### WHAT THE EXERCISE ASKS
Set out exactly, line by line, the stretch of data below that begins at the line containing "More Photos Of" and ends at the line containing "toyota-corolla-xli-2010-big-3", with both ends kept.

### INPUT FOR THIS TASK

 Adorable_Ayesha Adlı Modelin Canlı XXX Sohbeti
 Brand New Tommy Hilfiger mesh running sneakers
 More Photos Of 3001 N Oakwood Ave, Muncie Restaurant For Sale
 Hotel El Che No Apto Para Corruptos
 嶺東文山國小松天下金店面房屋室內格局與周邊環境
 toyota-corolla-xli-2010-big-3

--

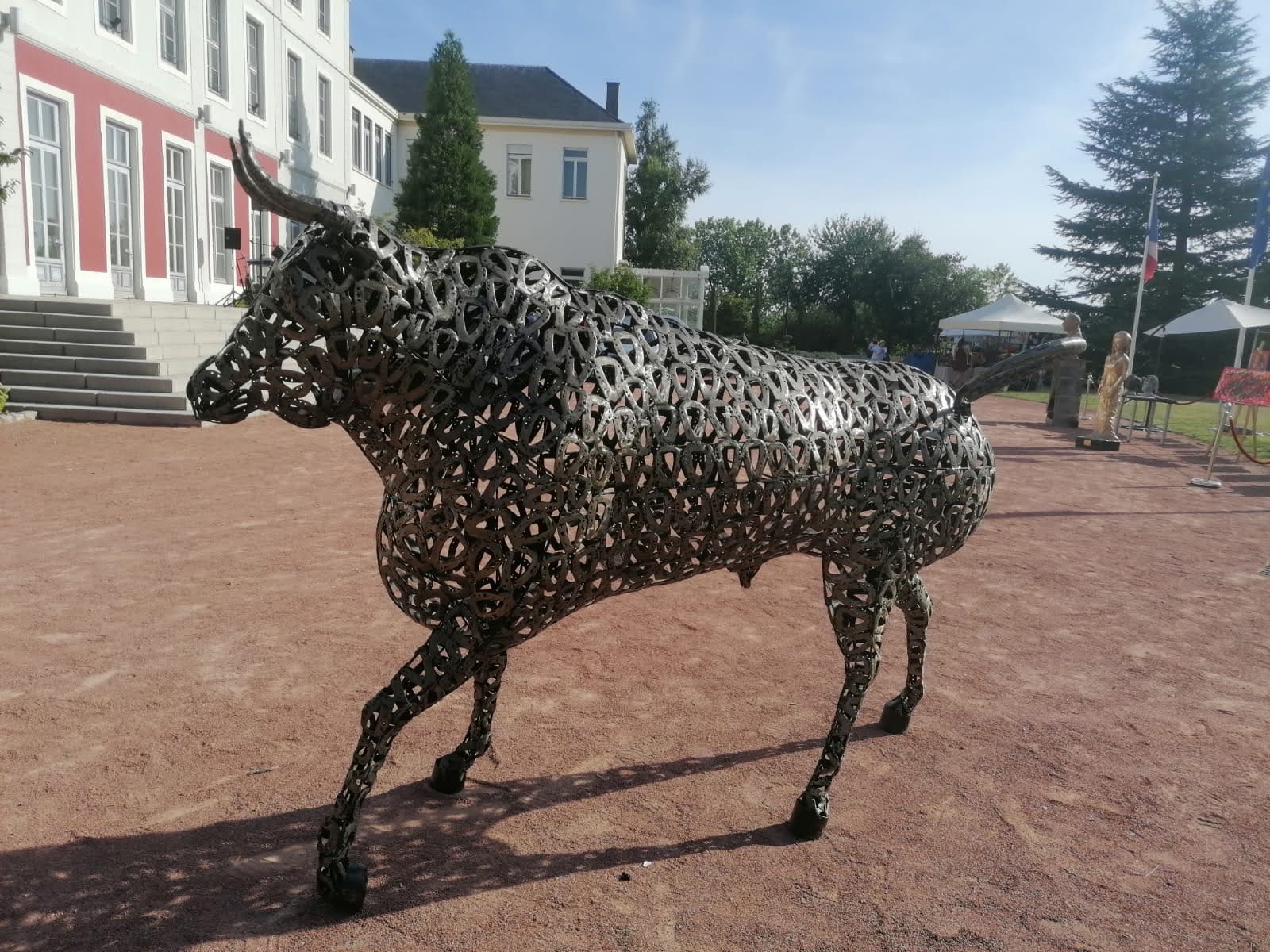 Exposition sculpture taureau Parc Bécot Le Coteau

---

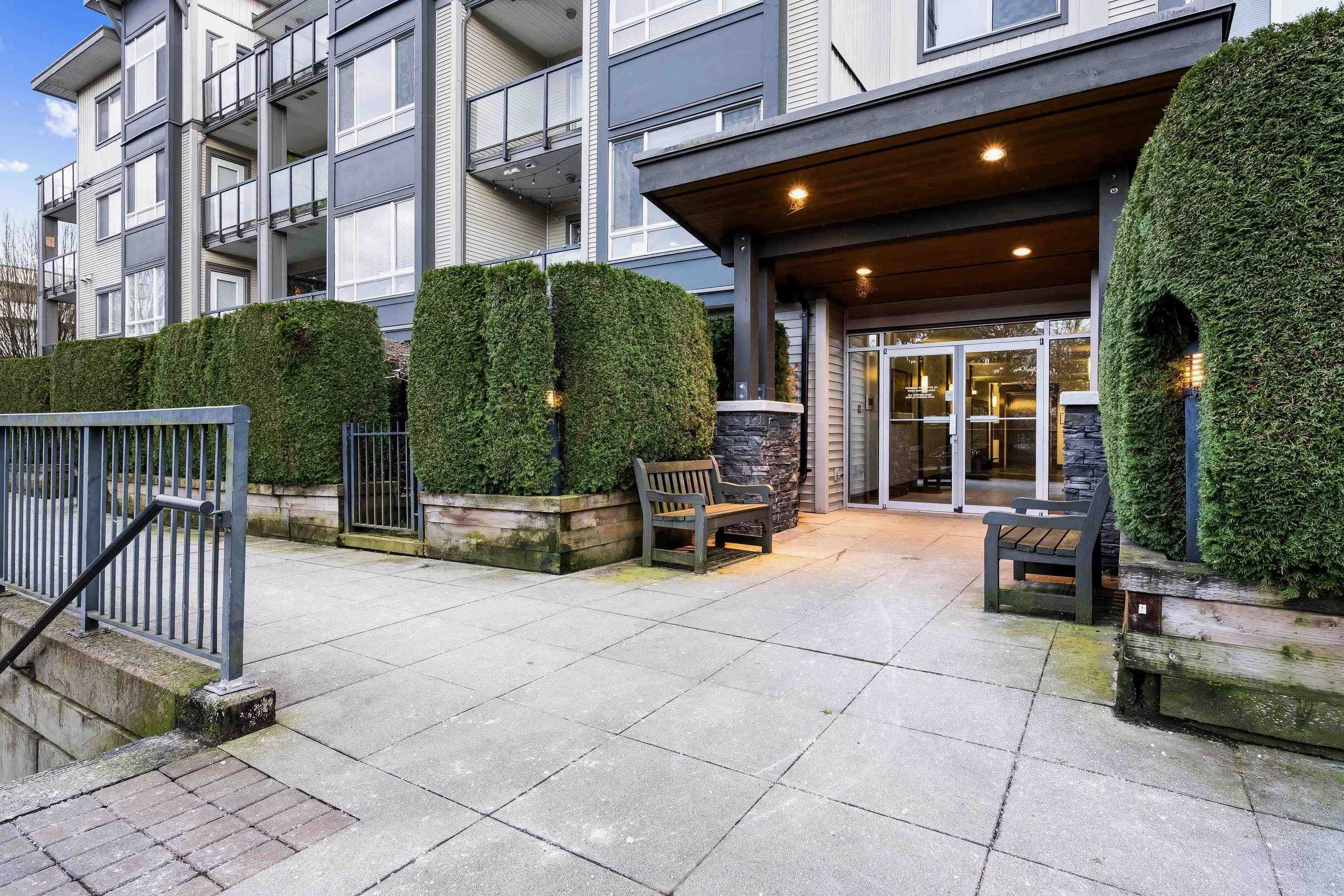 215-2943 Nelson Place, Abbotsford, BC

### ANSWER TO THIS TASK
 More Photos Of 3001 N Oakwood Ave, Muncie Restaurant For Sale
 Hotel El Che No Apto Para Corruptos
 嶺東文山國小松天下金店面房屋室內格局與周邊環境
 toyota-corolla-xli-2010-big-3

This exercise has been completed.